Father pleads for bus safety

21st May 2004 at 01:00
Family launches campaign for school transport strategy after son's death in crash. Ian Cameron reports.

The father of a schoolboy killed in a bus crash appealed to Welsh Assembly government politicians to take immediate action to prevent further tragedies.

Schoolboy Stuart Cunningham-Jones's father, David, said that the Assembly had a great opportunity to give the rest of Britain a lead in terms of school transport safety.

Mr Cunningham-Jones made his impassioned plea at a meeting of the Assembly's education and lifelong learning committee, which is reviewing school transport to try to ensure that there are no more fatalities.

The 12-year-old died at Ystradowen, near Cowbridge, when his school bus left the road and crashed into a tree in December 2002. Thirty other children were injured. An inquest heard that the driver lost control when unruly pupils grabbed the wheel and the bus careered off the road.

Mr Cunningham-Jones, who is spearheading Stuart's Campaign For Safer School Buses, showed committee members pictures of Stuart and the crash scene.

He said: "The school bus service should be the safest journey. Legislation has got to look at today's problems and action really does need to start soon, if not now, to avoid any further accidents."

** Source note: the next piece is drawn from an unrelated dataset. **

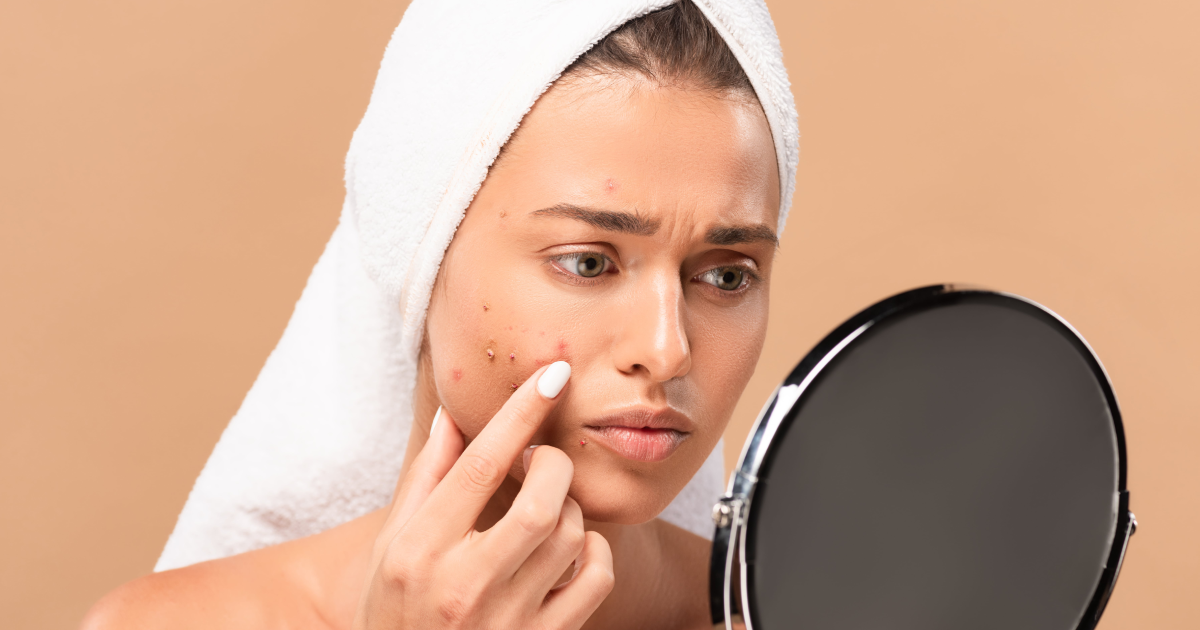 Woman examining acne in mirror before IPL acne treatment in Minot, ND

The campaign's strategy for safety on school buses says:

* all buses should be single-deckers with factory-installed seat belts for every passenger;

* the "three-for-two" rule which allows three children in seats designed for two adults should be abolished;

* there should be adult supervision on every vehicle other than the driver, and CCTV cameras should be positioned to monitor the behaviour of pupils.

Mr Cunningham-Jones told Assembly members there should be an all-Wales school transport policy operated by every council.

"Every local authority should have a liaison officer to ensure consistency.

There should be a contract between local authorities, transport firms and schools to give parents confidence."

He said the Transport Bill proposed by the British government did not go far enough on school safety to rectify rules first laid down 50 years ago.

Pat Harris, founder of BUSK - Belt Up School Kids - also gave evidence to the education committee. She hit out at the standard of school buses, claiming that many of them should have been consigned to the scrap heap.

"Local education authorities are the biggest users of cowboy operators who are still using buses more than 20 years old."

Many councils ignored the wishes of parents and displayed a worrying lack of knowledge of risk-assessment procedures, she added.

Jane Davidson, minister for education and lifelong learning, said the Welsh Assembly government had no statutory powers but added: "I hope we can work with local authorities on guidance."

Assembly members later inspected an American-style pound;130,000 yellow bus being tested in Newport, Gwent, which is fitted with seatbelts.

Trevor Roberts of Newport Transport, a company owned by Newport council, said there had been an excellent response from schools that have tried out the bus.

The council is ordering six more of the 70-seater coaches, which are equipped with CCTV and run by drivers with first-aid training.

Mr Roberts said: "What price can you put on a life? Everybody's just talking, that's why we're doing something about it."